▶ **WHAT TO PRODUCE**
Only the lines from the one containing "Wedding Anniversary to" through the end of the records should be retyped, exactly and including both ends; pictures stay out.

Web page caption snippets
※ ※ ※

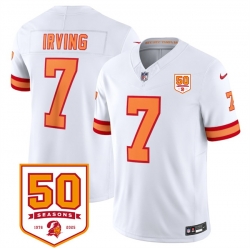 Men Tampa Bay Buccaneers 7 Bucky Irving White 2025 F U S E  50th Anniversary Patch Vapor Limited Stitched Jersey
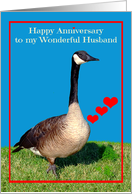 Wedding Anniversary to Husband with a Canada Goose with Red Hearts card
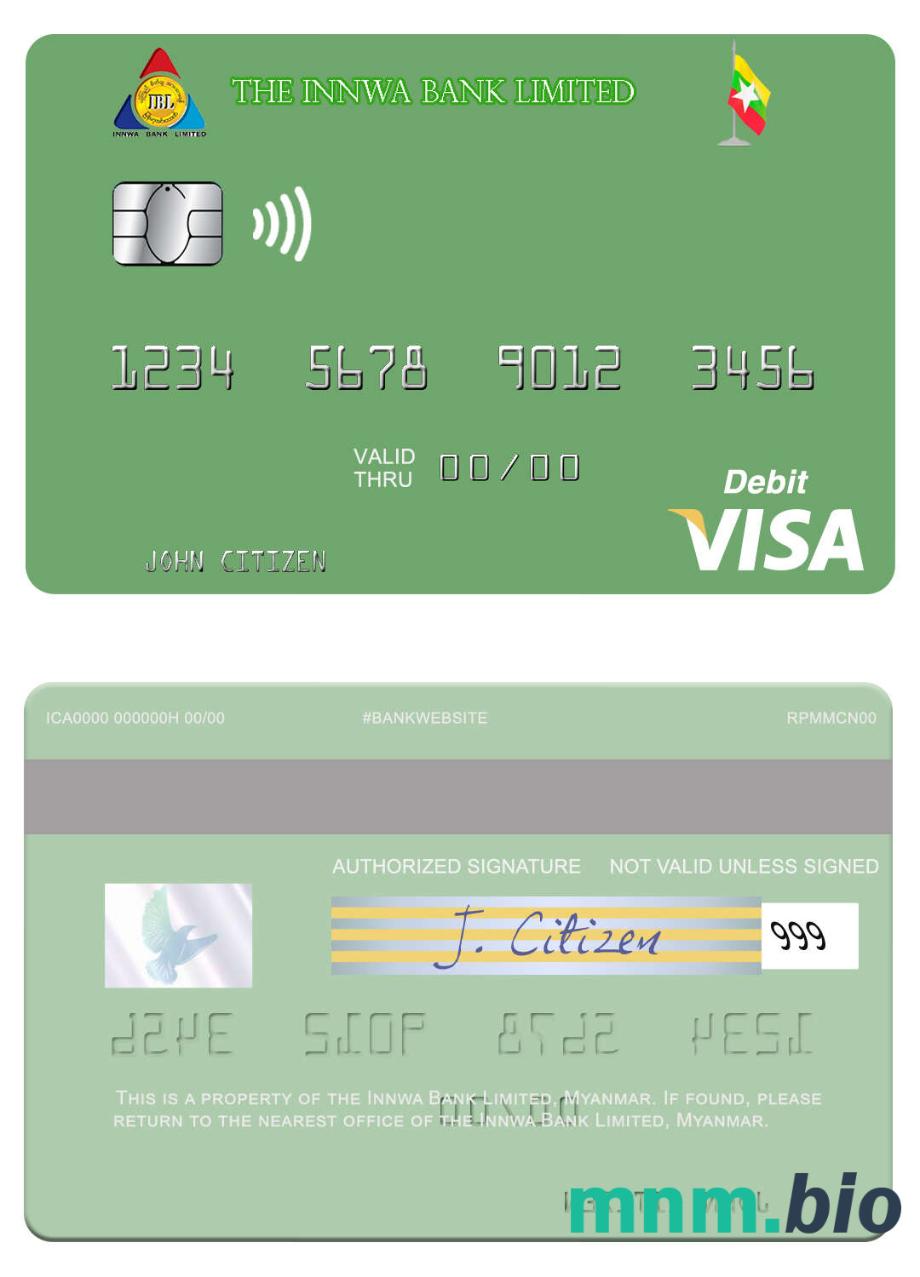 Myanmar Innwa Bank Limited visa debet karta przykład w formacie PSD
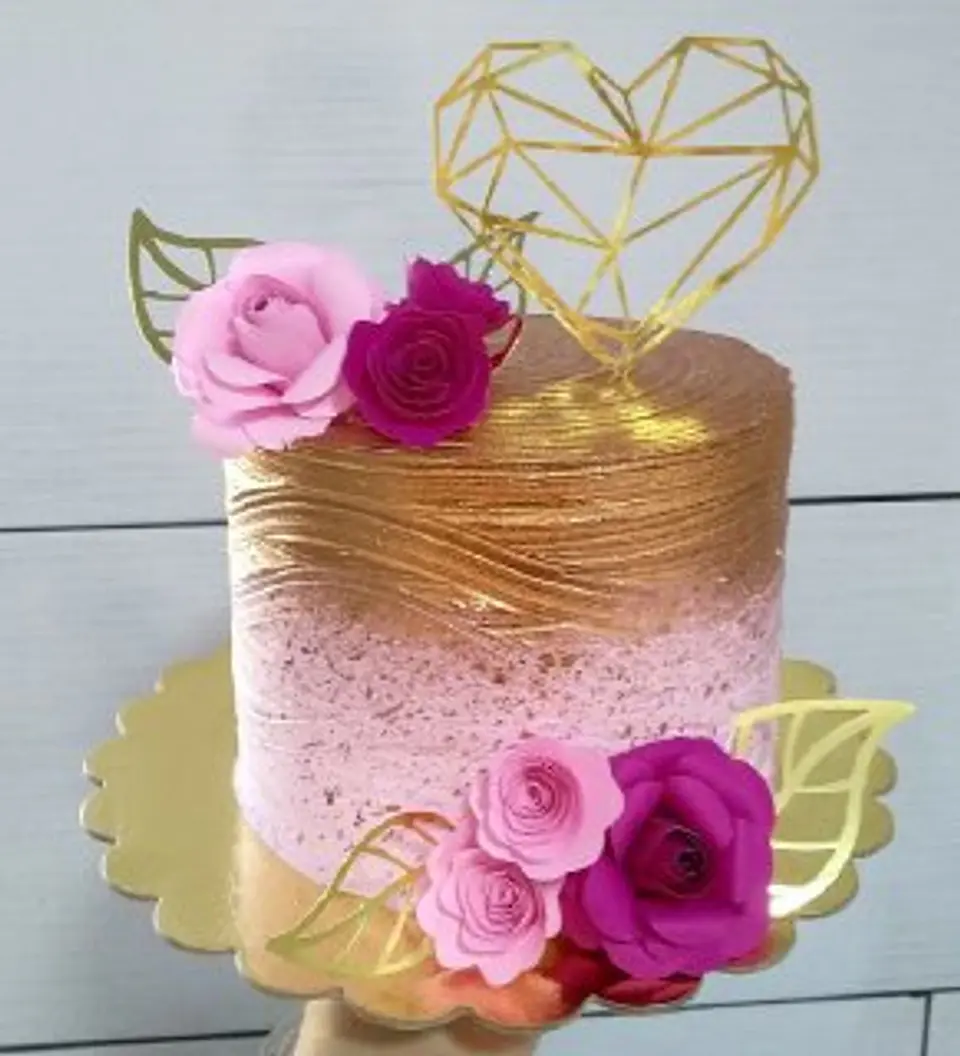 Arquivo de Corte Topo Coração e Flores 1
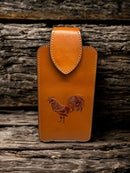 Light Brown leather phone case with a embossed rooster design. Front View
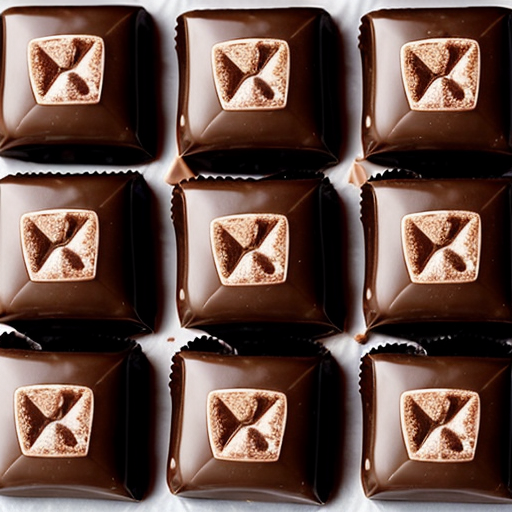 four boring looking square-shaped chocolate pieces off of a chocolate bar.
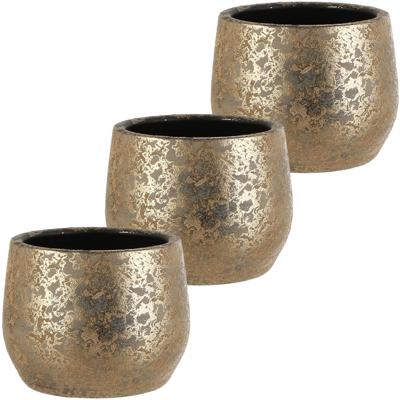 Mica Decorations Bloempot - Set van 3x stuks - goudkleurig - keramiek - 19 x 15 cm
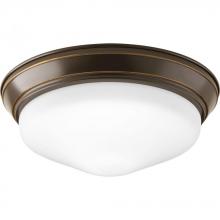  P2302-20ET30K - One Light Antique Bronze Frosted Glass Bowl Flush Mount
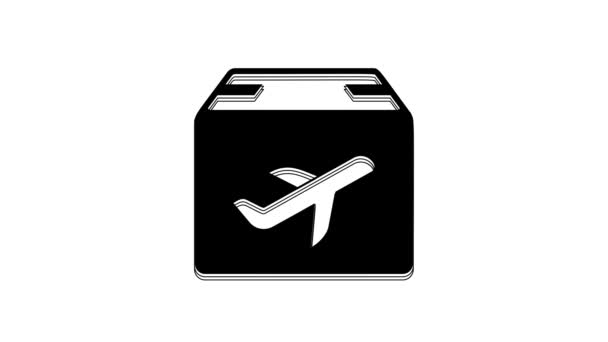 Μαύρο Αεροπλάνο Και Χαρτονένιο Κουτί Εικονίδιο Απομονώνονται Λευκό Φόντο Παράδοση — Αρχείο Βίντεο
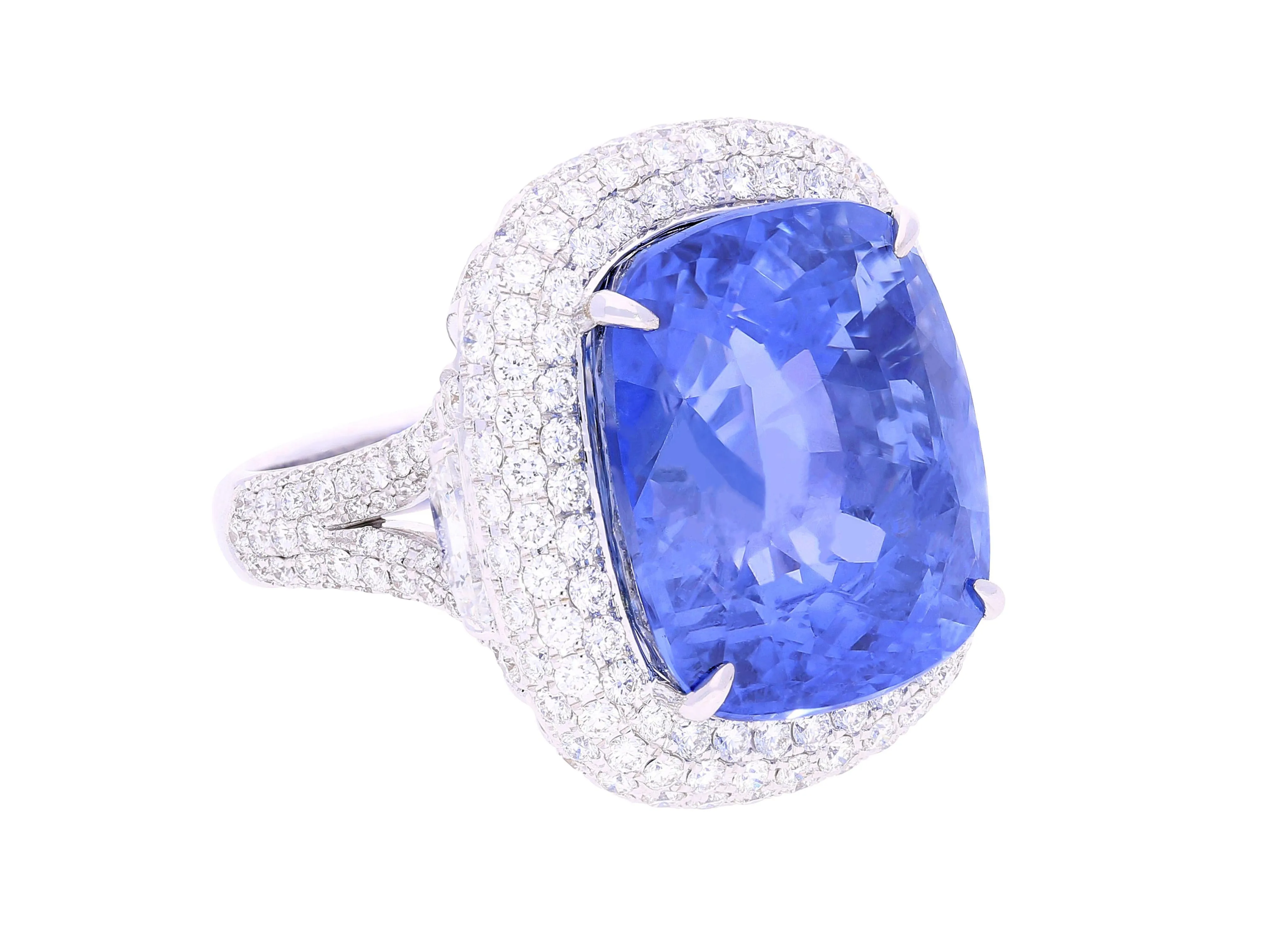 GRS Certified 50.11 Carat Cushion No Heat Sri Lanka Blue Sapphire Ring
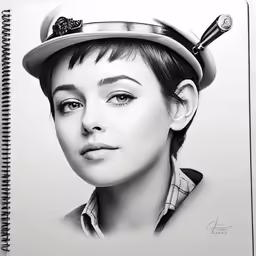 a girl wearing a hat with a bird on her head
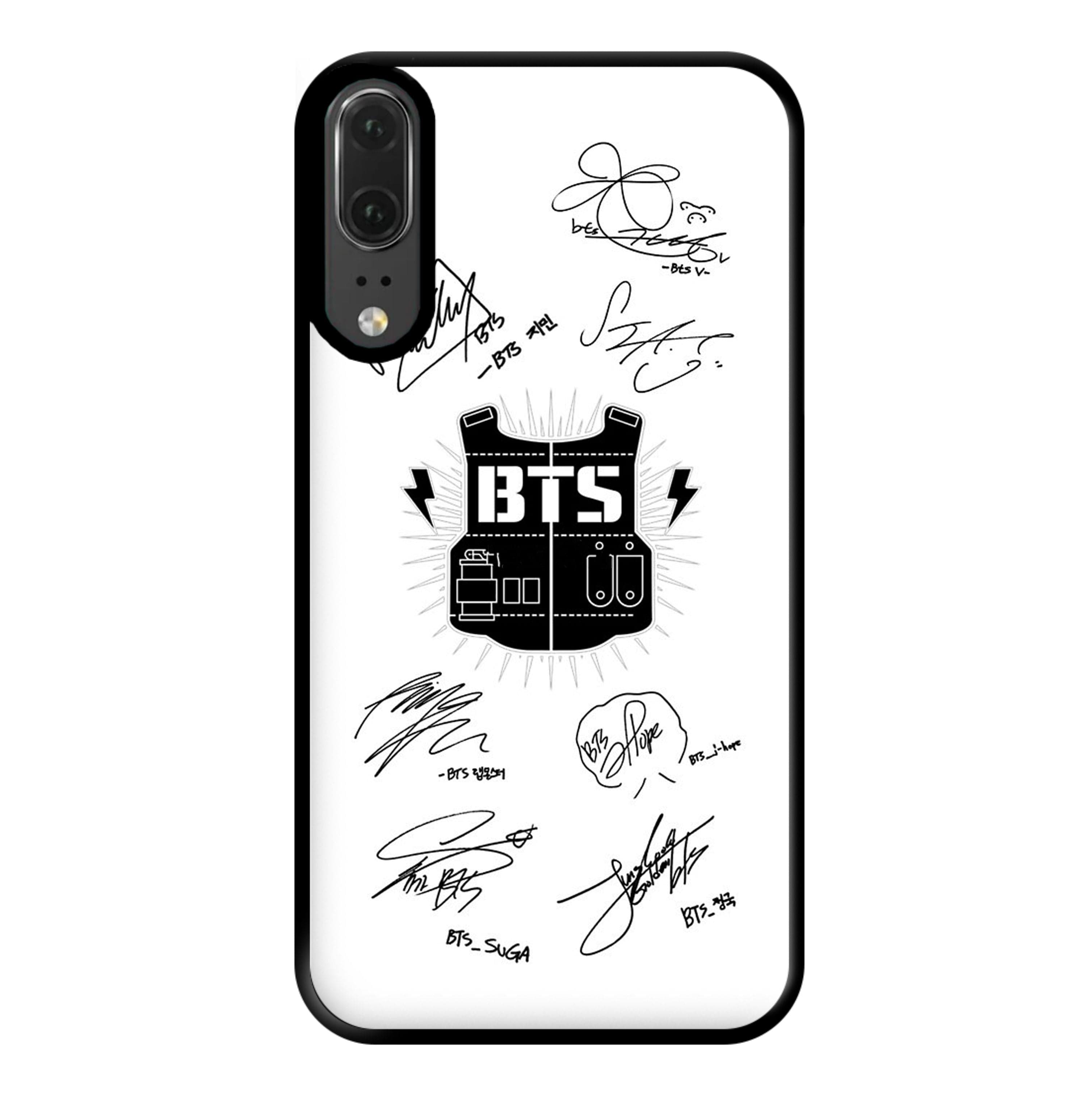 White K-Pop Band Army Logo and Signatures Phone Case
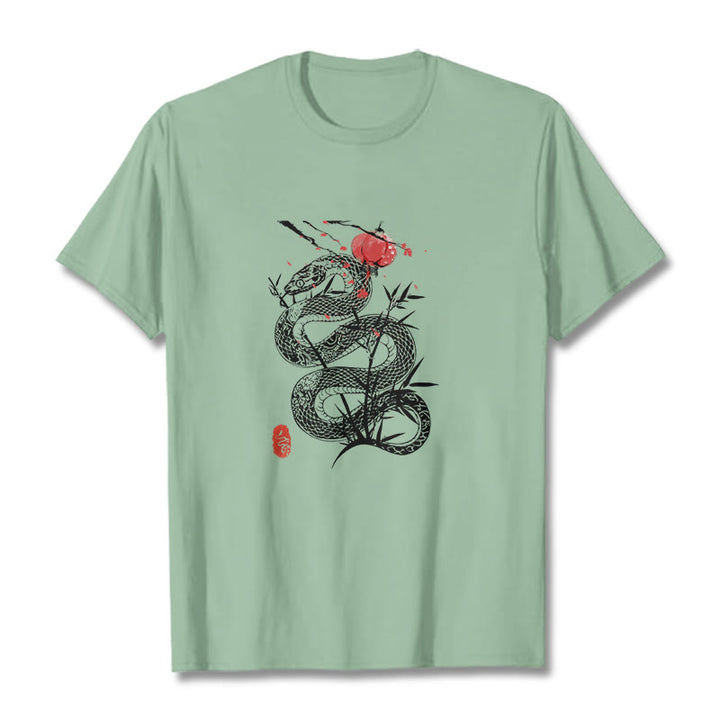 Maglietta in cotone con motivo a serpente, lanterna con Buddha Stones e foglie di bambù - Verde pallido - 2XL - image 14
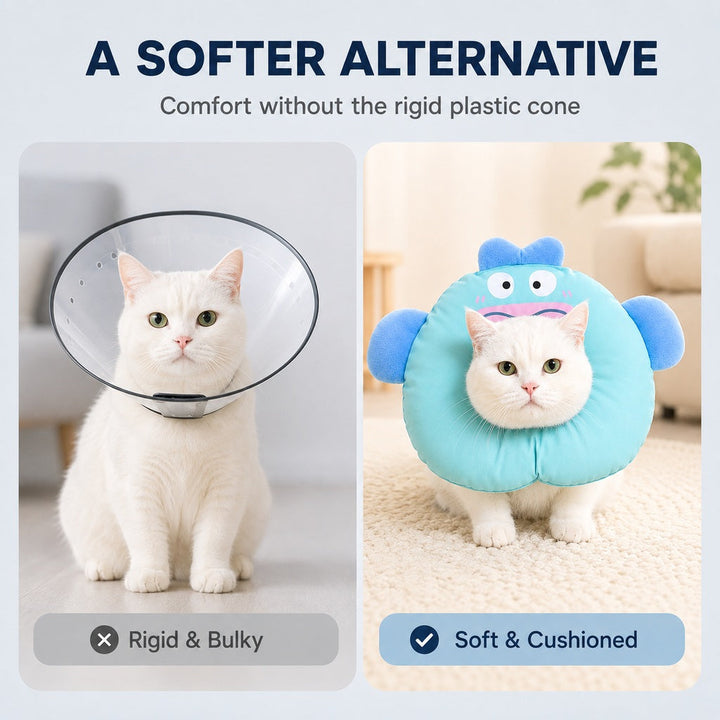 Soft Cat Recovery Collar for Eating & Sleeping | Adjustable Cone Alternative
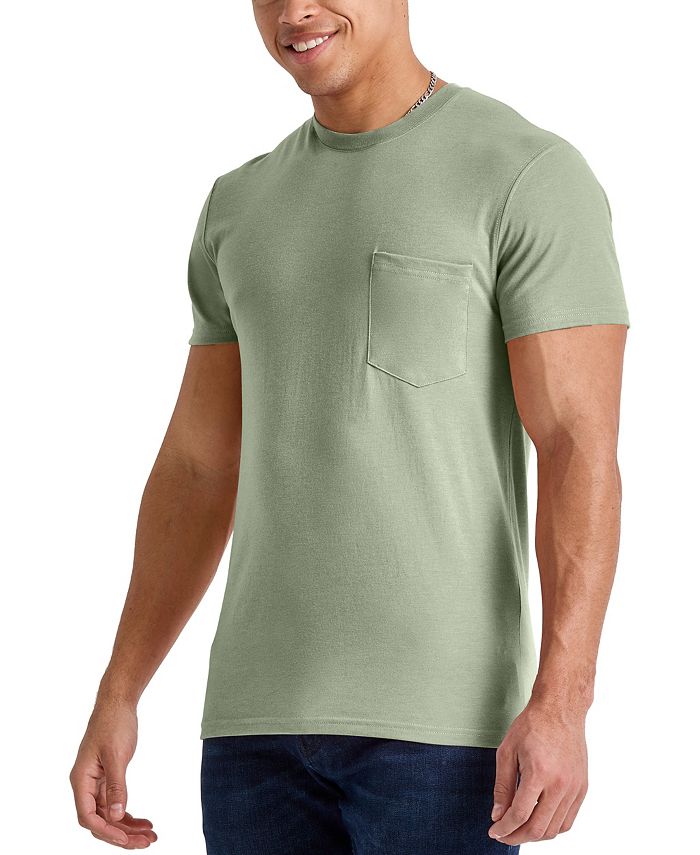 Мужская оригинальная хлопковая футболка с короткими рукавами и карманами Hanes, цвет Equilibrium Green - U.S. Grown Cotton мужская оригинальная хлопковая футболка с длинными рукавами на пуговицах hanes цвет equilibrium green
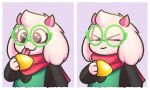  1boy absurdres black_eyes closed_mouth deltarune food fruit furry furry_male glasses green-framed_eyewear highres holding holding_food itsgerdew lemon long_sleeves ralsei red_scarf round_eyewear scarf solo sour_(taste) tongue tongue_out 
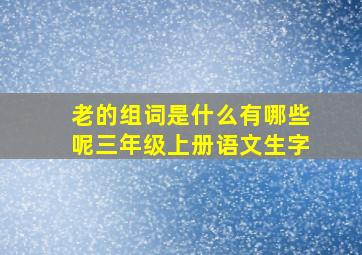 老的组词是什么有哪些呢三年级上册语文生字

※ ※ ※

▶ **FINISHED EXERCISE**
 Wedding Anniversary to Husband with a Canada Goose with Red Hearts card
 Myanmar Innwa Bank Limited visa debet karta przykład w formacie PSD
 Arquivo de Corte Topo Coração e Flores 1
 Light Brown leather phone case with a embossed rooster design. Front View
 four boring looking square-shaped chocolate pieces off of a chocolate bar.
 Mica Decorations Bloempot - Set van 3x stuks - goudkleurig - keramiek - 19 x 15 cm
  P2302-20ET30K - One Light Antique Bronze Frosted Glass Bowl Flush Mount
 Μαύρο Αεροπλάνο Και Χαρτονένιο Κουτί Εικονίδιο Απομονώνονται Λευκό Φόντο Παράδοση — Αρχείο Βίντεο
 GRS Certified 50.11 Carat Cushion No Heat Sri Lanka Blue Sapphire Ring
 a girl wearing a hat with a bird on her head
 White K-Pop Band Army Logo and Signatures Phone Case
 Maglietta in cotone con motivo a serpente, lanterna con Buddha Stones e foglie di bambù - Verde pallido - 2XL - image 14
 Soft Cat Recovery Collar for Eating & Sleeping | Adjustable Cone Alternative
 Мужская оригинальная хлопковая футболка с короткими рукавами и карманами Hanes, цвет Equilibrium Green - U.S. Grown Cotton мужская оригинальная хлопковая футболка с длинными рукавами на пуговицах hanes цвет equilibrium green
  1boy absurdres black_eyes closed_mouth deltarune food fruit furry furry_male glasses green-framed_eyewear highres holding holding_food itsgerdew lemon long_sleeves ralsei red_scarf round_eyewear scarf solo sour_(taste) tongue tongue_out 
 老的组词是什么有哪些呢三年级上册语文生字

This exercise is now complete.